▶ **Stored items**:
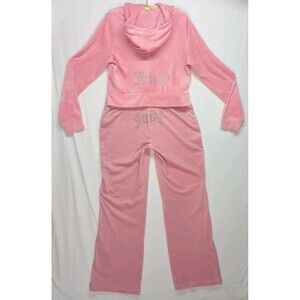 Juicy Couture Large Women's Pink Velour 2pc Tracksuit Spellout Streetwear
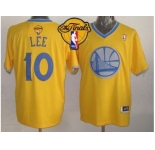 NBA Golden State Warrlors #10 David Lee Gold 2013 Christmas Day Swingman The Finals Patch Stitched Jerseys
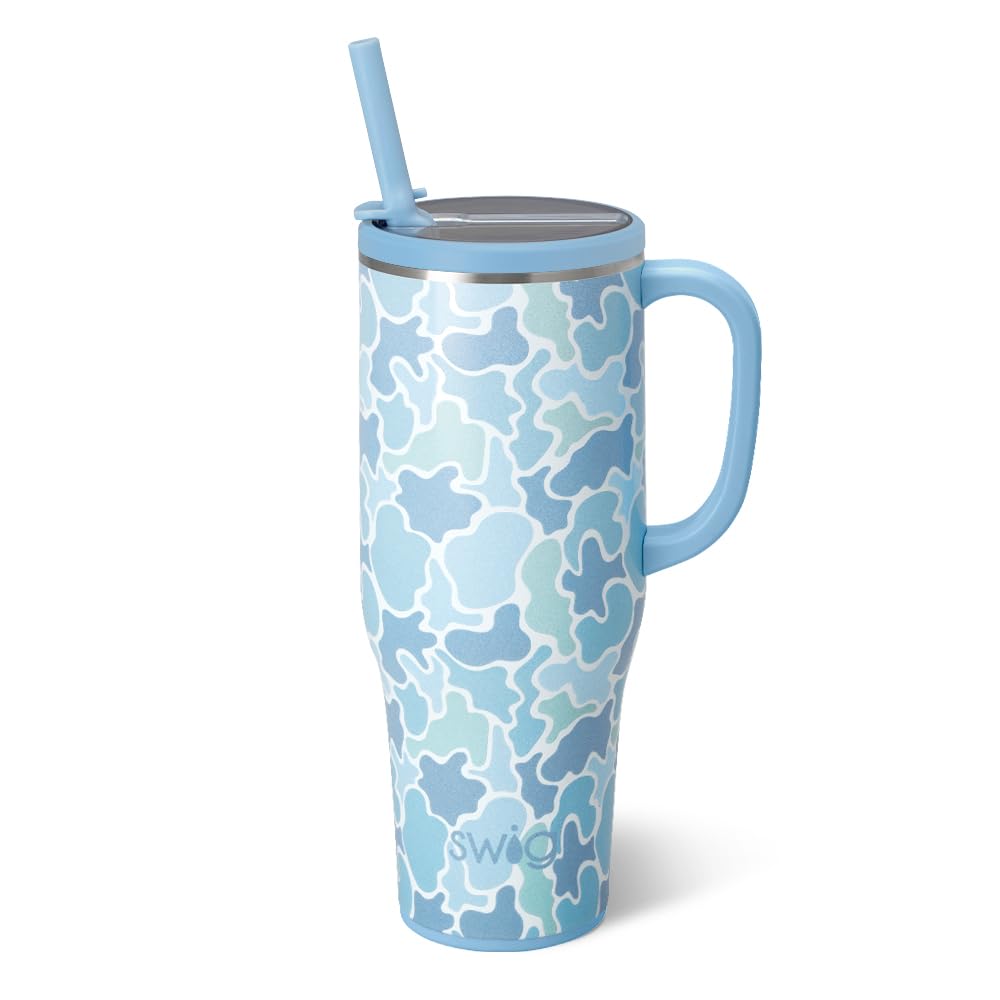 Swig Life 40oz Leakproof Mega Mug with Handle & Straw, Hydrangeas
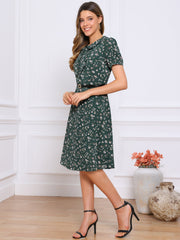 Peter Pan Collar Tie Neck Short Sleeve A-Line Belted Floral Dress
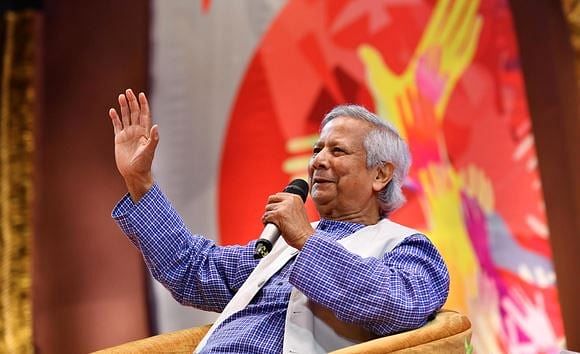 Chief Adviser Dr Muhammad Yunus speaks at a women’s conference at Osmani Memorial Auditorium in Dhaka on 10 December 2024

▶ **PROBLEM DETAILS**:
In your copy, repeat each record exactly and include no pictures.

▶ **SOLUTION FOR THIS TASK**:
 Juicy Couture Large Women's Pink Velour 2pc Tracksuit Spellout Streetwear
 NBA Golden State Warrlors #10 David Lee Gold 2013 Christmas Day Swingman The Finals Patch Stitched Jerseys
 Swig Life 40oz Leakproof Mega Mug with Handle & Straw, Hydrangeas
 Peter Pan Collar Tie Neck Short Sleeve A-Line Belted Floral Dress
 Chief Adviser Dr Muhammad Yunus speaks at a women’s conference at Osmani Memorial Auditorium in Dhaka on 10 December 2024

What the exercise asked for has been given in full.